# Fromm's Grain-Free Puppy Food?



## spindledreams (Aug 7, 2012)

I haven't tried the Fromm's grain free but we do feed Fromms Gold. Grin your plan to mix the Fromms with the old food and gradually transition to Fromms is how it should be done. Sigh but once Twilight tasted the Fromms she didn't want anything to do with her old food... 

Notice I am not using the puppy formula as I have 3 adults to feed as well as Twilight but the regular is listed as good for all life stages so is okay to feed a growing puppy. This way we buy one food and feed all 4 the same food so I don't worry if they swap dishes while eating...


----------



## panpan (Aug 6, 2015)

Thank you for your reply! 

I'm glad to hear that your poodle loved Fromms. I hope my puppy loves it too.

And oh?! I didn't know that Fromms Gold (the regular) is listed as good for all life stages! Thank you so much for this information! I will definitely consider this. He's already 3 months old, so perhaps it'd be better to feed him the regular Fromms.

Thank you so much!


----------



## lily cd re (Jul 23, 2012)

Javelin's breeder fed Fromm puppy gold, so that is what I started Javelin on. I am transitioning him to Blue Buffalo Large Breed Puppy because my grown ups eat Blue. I think you will find that your pup will really like the Fromm (which ever one you pick) since my big dogs have taken every chance they can to steal the pup's food. Then again he can often be found helping himself out of their bowl too. And here's a second to your plan of gradual transition. It is important more for intestinal coping (avoiding the runs) than for taste.


----------



## CharismaticMillie (Jun 16, 2010)

I like Fromm Puppy. Am currently weaning a litter onto Fromm Gold Large Breed Puppy. I have not fed the grain free, though. I don't like how many grain free foods are full of peas- particularly Fromm. Their grain inclusive foods are higher quality In my opinion. I'd rather feed a food with healthy grain than one full of peas. Anyway, grains help firm stool. My dogs have never had an issue tolerating grains.


----------



## Coldbrew (Jun 17, 2015)

From what I've read and heard from my vet when we discussed it last week, there's really no reason to go grain-free with dogs unless your dog has a grain allergy. do you think your puppy might?

I feed a 50/50 mix of Fromm Puppy Gold and 4Health Puppy (mostly to be kind to my wallet) and my 8 week old Jasper doesn't discriminate between the two kibbles when he's eating, so i don't think it tastes that much better to him that it would be worth the cost to switch to 100% Fromm.

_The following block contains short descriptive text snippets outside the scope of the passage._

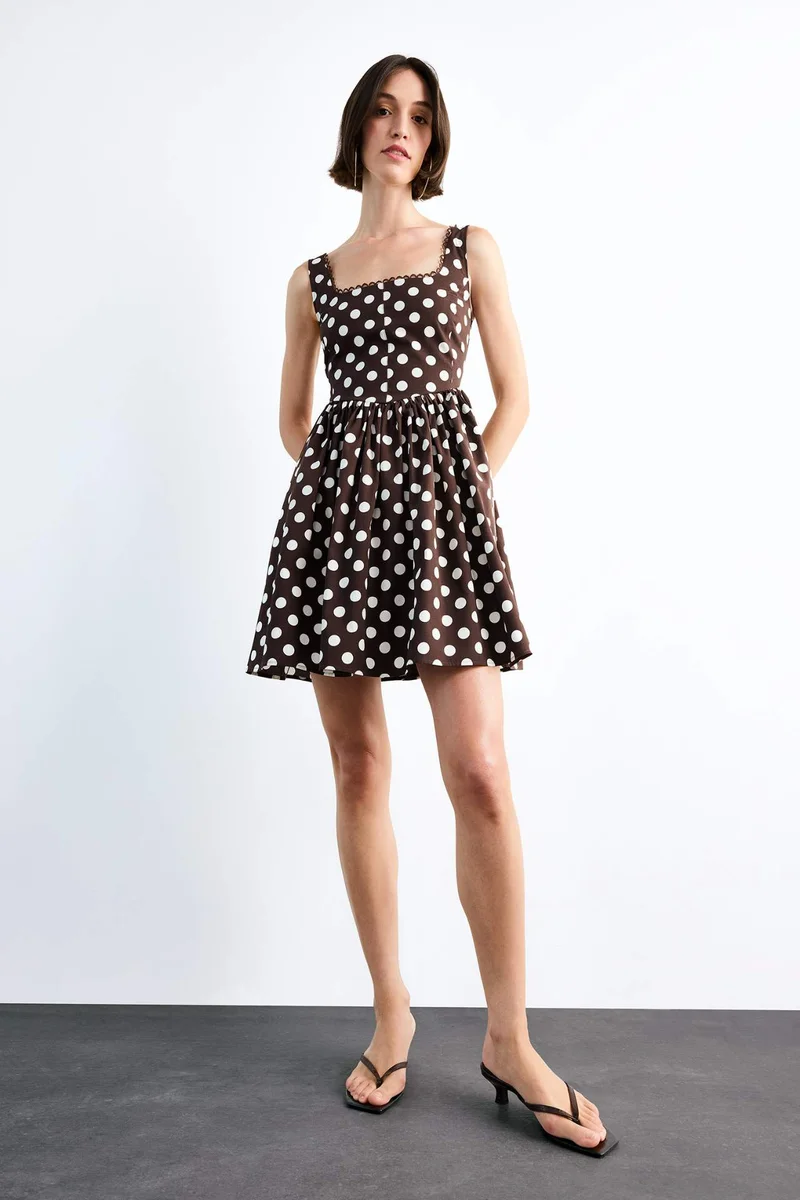 ديفاكتو Square Neck Polka Dot Patterned Sleeveless Midi Dress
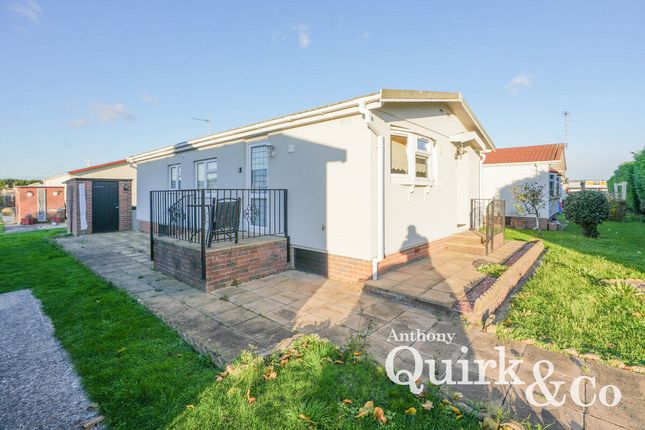 Kings Park Creek Road, Canvey Island... 2 bed park home for sale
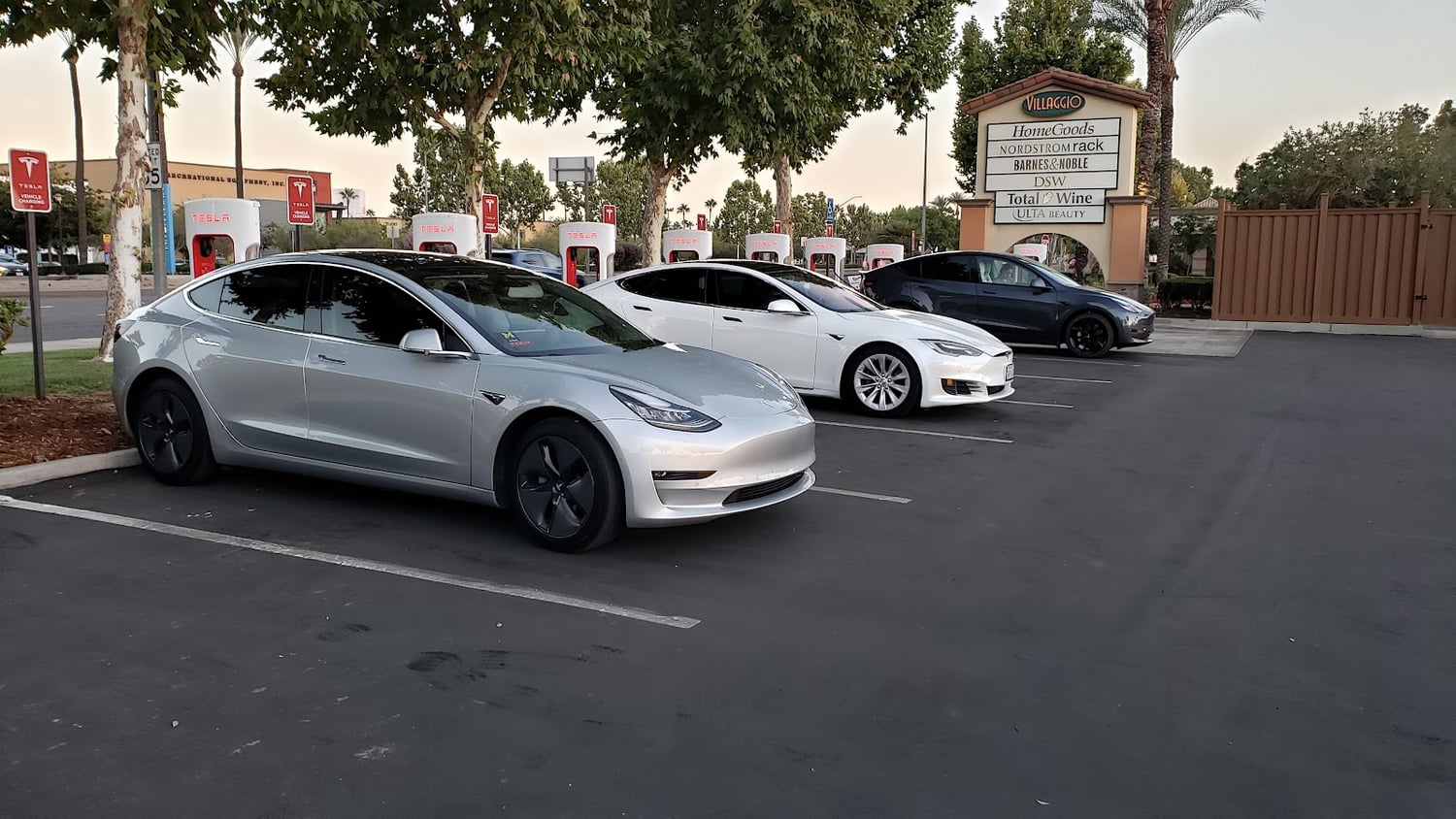 Photo of Fresno, Ca - N Blackstone Ave Supercharger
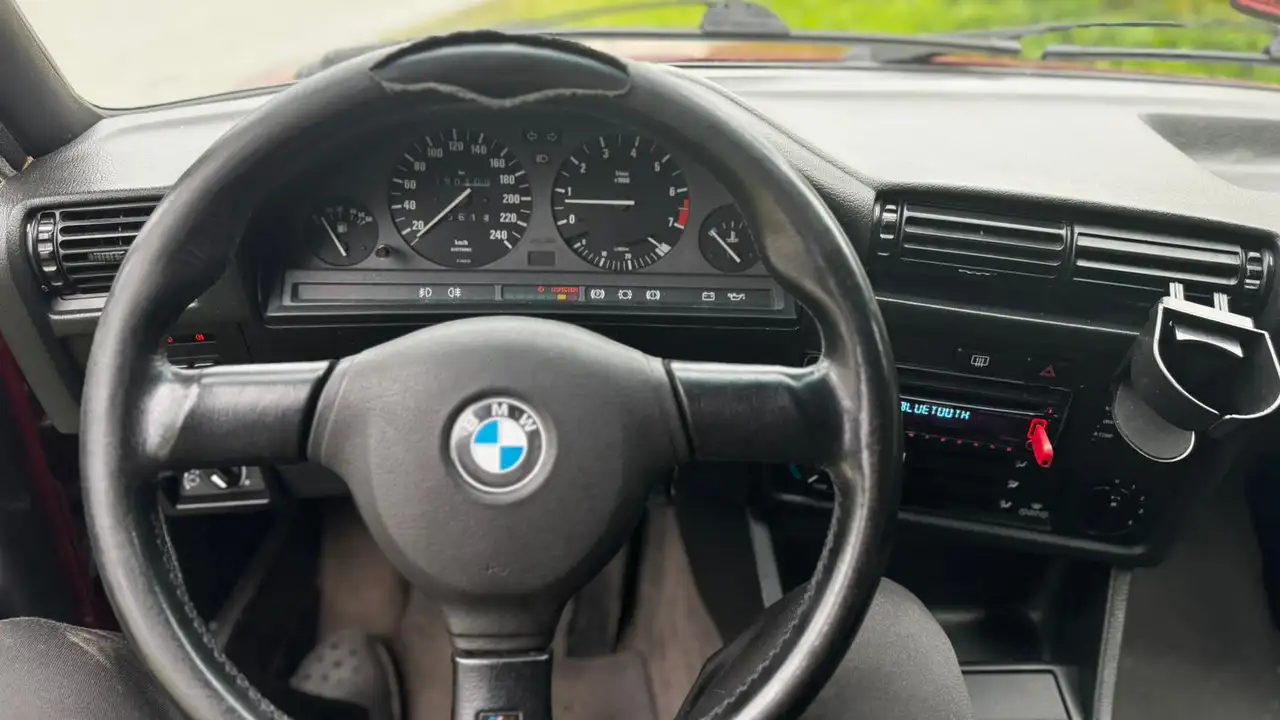 BMW 320i, foto 11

I switched him from the breeder's Royal Canin by doing 25% new for two days, then 50% for two days, then 75% for another two days, and now he's totally on his new food. (I do still have plenty of the Royal Canin bag left over though, so those are now "treats"!) So i absolutely agree with the switching gradually to a new food to avoid an upset stomach.


----------



## mom2Zoe (Jun 17, 2014)

i use grain free fromm and the grain as well


----------



## panpan (Aug 6, 2015)

Thank you everyone for your suggestions and thoughts!

I've decided to go with Fromms Gold. Hopefully, he won't have any grain allergies. If he shows any signs of distress, I will take him to the vet and consult with her.

And I wrote on my note! 25% for two days. 50% for two days. 75% for two days. I would hate and hate to have the puppy have an upset stomach. I will make sure that he makes a gradual transition.

Thank you, and it is so assuring to hear that Fromms is not only delicious but a healthy choice of food!


----------